Govt needs to show earnestness in resolving CHT land disputes
THAT the Awami League-Jatiya Party government is yet to nominate a new chairman for the Chittagong Hill Tracts Land Dispute Commission although the fifth commission served out its tenure without resolving a single dispute tends to betray the indifference, if not downright unwillingness, to address a crucial component of the CHT Treaty, which was signed almost 15 years ago. The land secretary was quoted in a report front-paged in New Age on Friday that the ministry had sent a proposal ‘to the law ministry for the appointment of a new commission chairman’ and that it was ‘waiting for a reply.’ He would not, however, say if there would be a new chairman or the outgoing chairman would be reappointed, while sources in the CHT affairs and the land ministry hinted that the government was more inclined towards retaining the services of the outgoing chairman.
The question, however, is not only about the appointment of a new chairman or the reappointment of the outgoing chairman to the commission; it runs deeper. As the New Age report points out, the four previous commissions did not resolve a single dispute, either, giving rise to the obvious question as to what the utility of such a commission is if it cannot deliver on its mandated responsibility. Meanwhile, all the political parties of the hill people — the Parbatya Chattagram Jana Sanghati Samiti, the United People’s Democratic Front, and the Parbatya Chattagram Jana Sanghati Samiti (MN Larma) — have asserted that a new commission would do no good in dispute resolution unless certain clauses in the 2001 act governing the formation of the commission are amended. They insist that these clauses are antithetic to the spirit of the 1997 treaty.

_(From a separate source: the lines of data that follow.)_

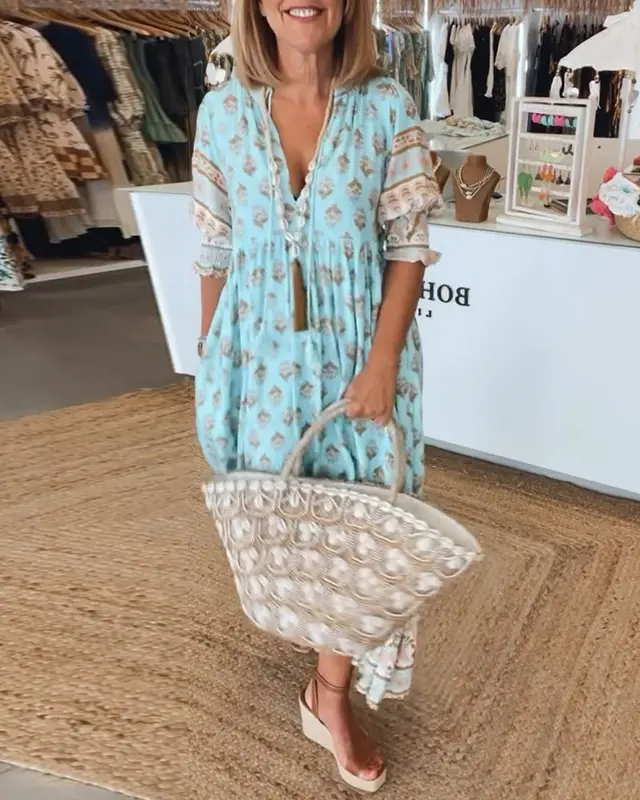Flavie - Robe Fluide Élégante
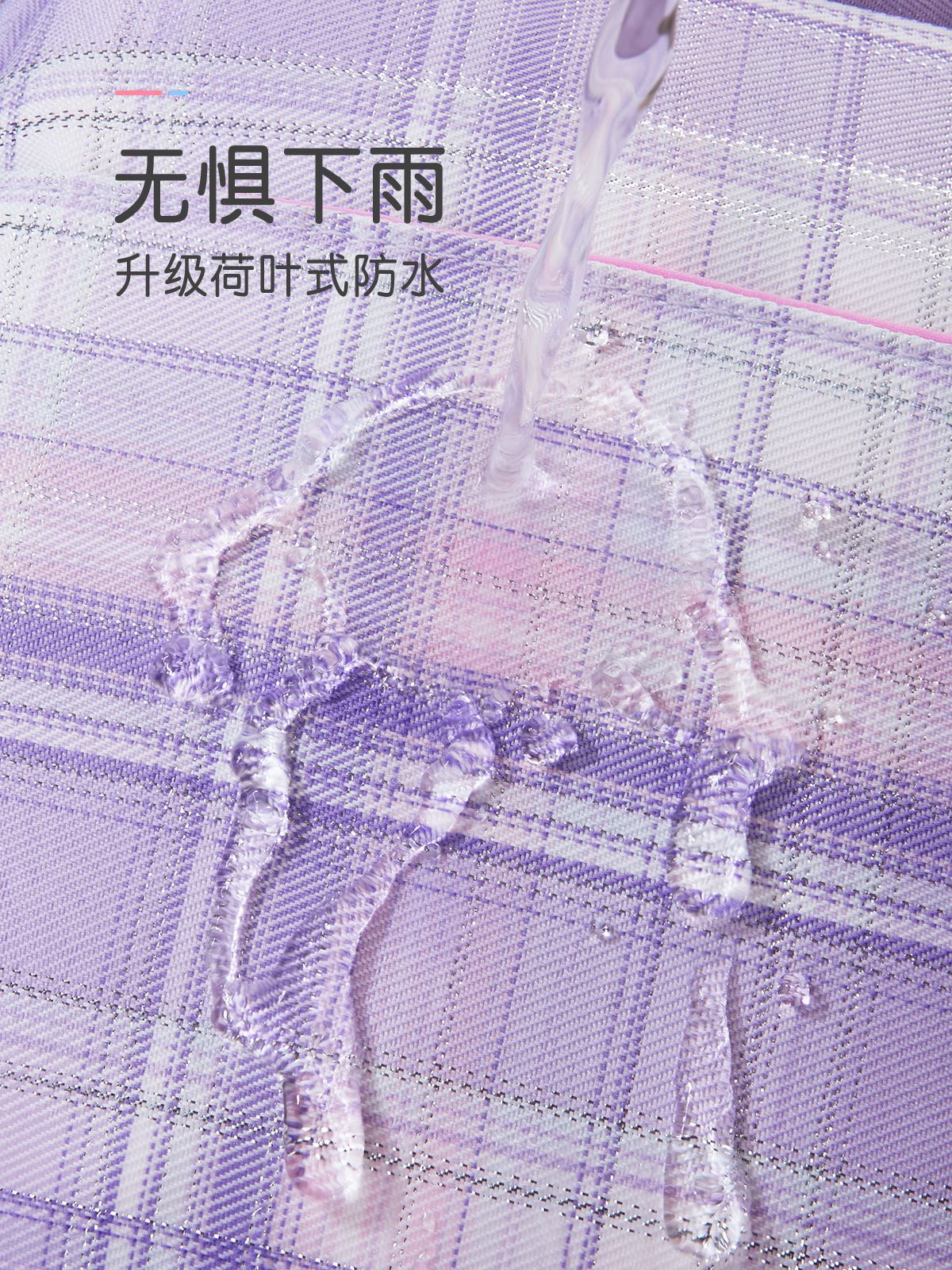 Mochilas escolares para estudiantes de primaria de primer a sexto grado para niñas, ultraligeras, transpirables, protectoras de la columna vertebral, impermeables, bolsas de dibujos animados con hombros a cuadros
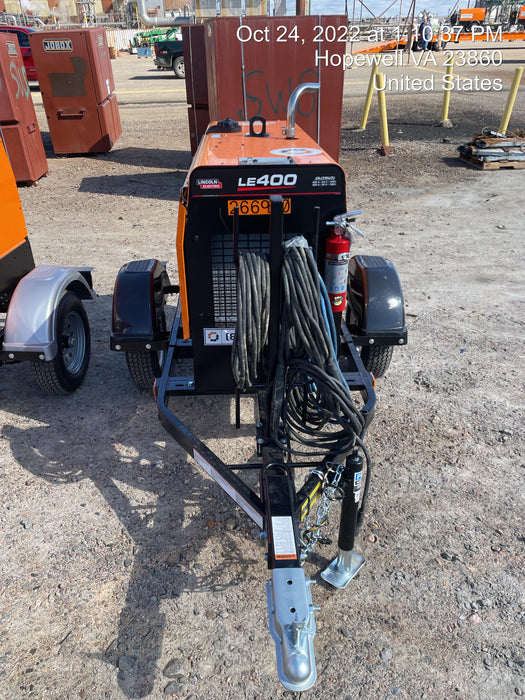 2022 Lincoln Electric LE400 Kubota V1505, Trlr, Cable Rack, Light Kit, ES Decals, T3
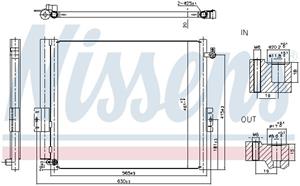 toyota Condensor, airconditioning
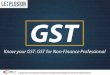 Webinar on GST for Non Finance Professionals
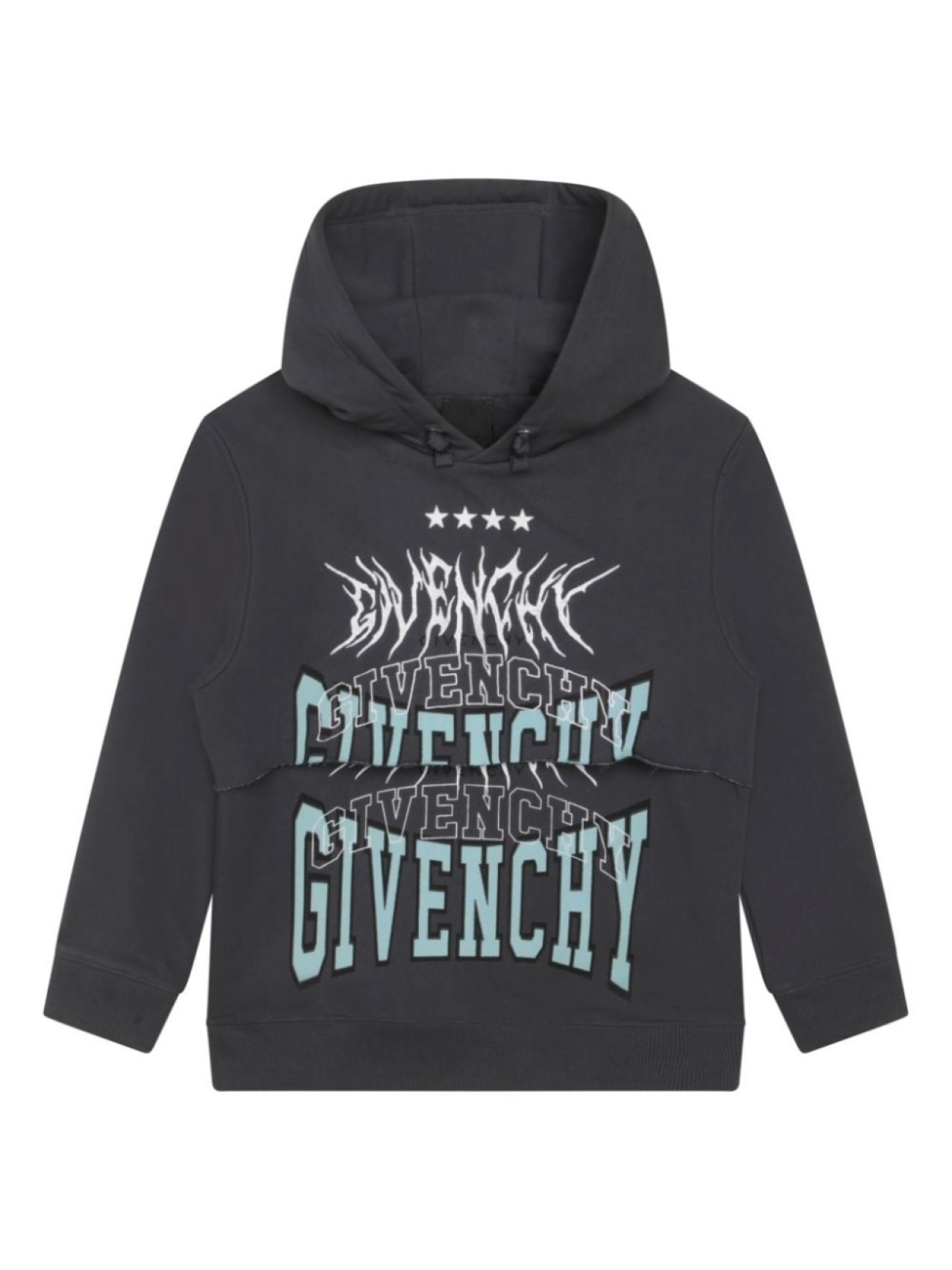 

Givenchy Kids худи с вышитым логотипом, серый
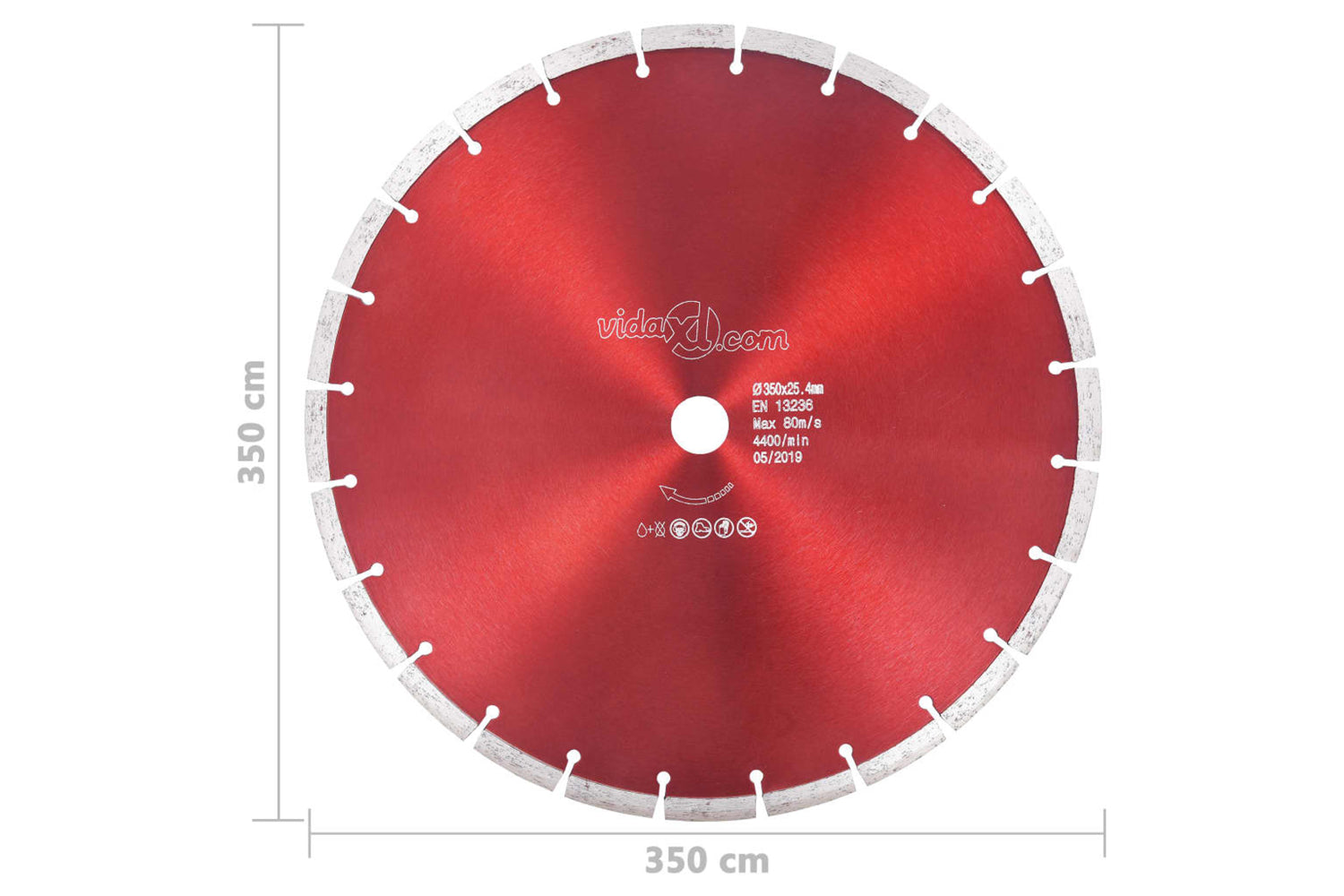 vidaXL 143244 Diamond Cutting Disc Steel 350mm-4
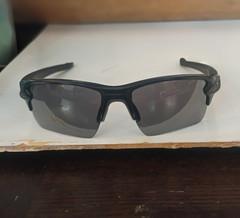 Oakley Flak 2.0 Polarized Wrap Sunglasses Black/Gray 133mm OO9188-7359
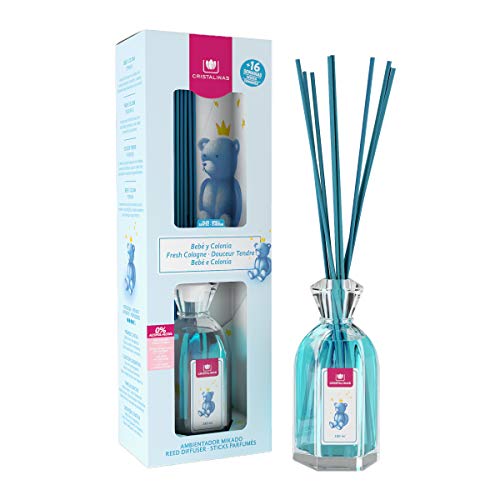 PACK BABY. MIKADO aroma BEBE Y COLONIA. Formula sin alcohol. MIKADO Clasic 180ml + MIKADO Clasico 40ml. + Ambientador para ARMARIO + MIKADO ABSORBE OLOR aroma A LIMPIO + Esfera absorbe olor COCHE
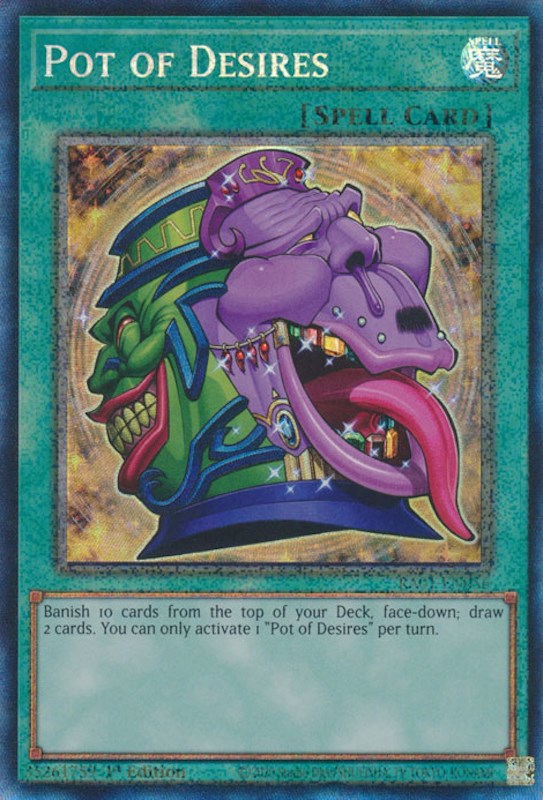 Pot of Desires [RA01-EN056] Prismatic Collector's Rare | Gaming Infinity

On the whole, the dithering over the appointment of a new commissioner to the land dispute commission could only lend credence to the growing suspicion that the AL-Jatiya Party government is not serious and sincere about resolving the land disputes in particular and implementing the CHT treaty in general, just as its predecessors were not. What the incumbents need to realise such suspicion is not good either for the CHT region or the country in general. There have been more signs than one that the region is becoming increasingly volatile, with tension rising among and between the leading political entities there. Most importantly, the political entities appear to be becoming increasingly mistrustful about the intent of the government. Such suspicions and mistrusts need to be dispelled by the government with decisive and demonstrative actions — the sooner the better.